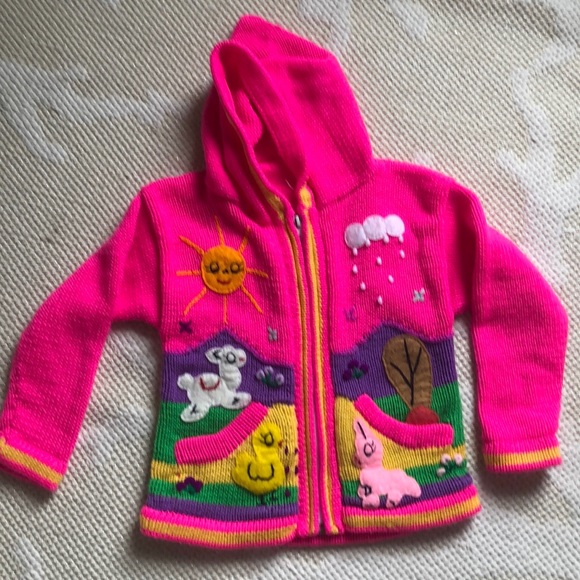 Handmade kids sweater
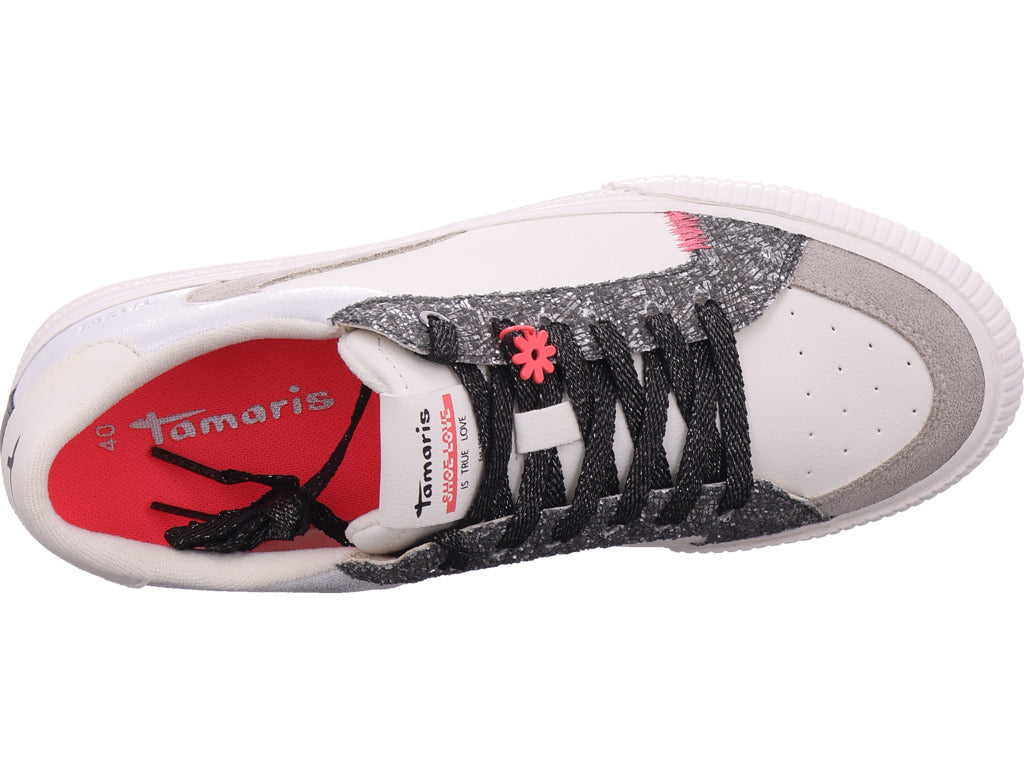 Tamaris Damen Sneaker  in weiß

+ + + +

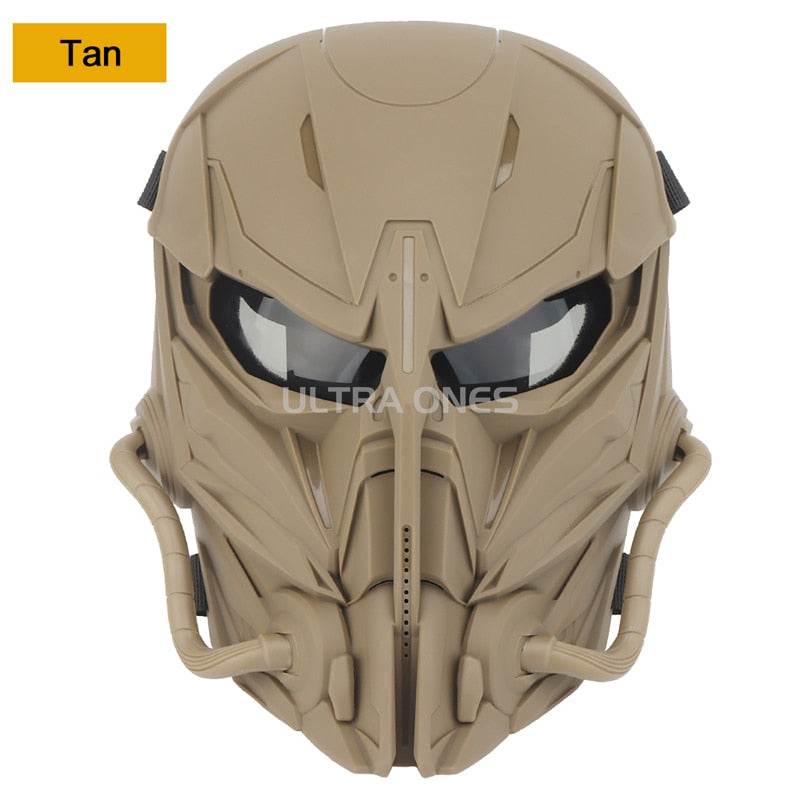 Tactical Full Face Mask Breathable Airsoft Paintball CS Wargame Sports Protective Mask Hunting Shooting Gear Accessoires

+ + + +

From the records above, transcribe exactly the lines starting at the one containing "Handmade kids sweater" and ending at the one containing "Tamaris Damen Sneaker". Skip the pictures.

-- Exercise answer --
 Handmade kids sweater
 Tamaris Damen Sneaker  in weiß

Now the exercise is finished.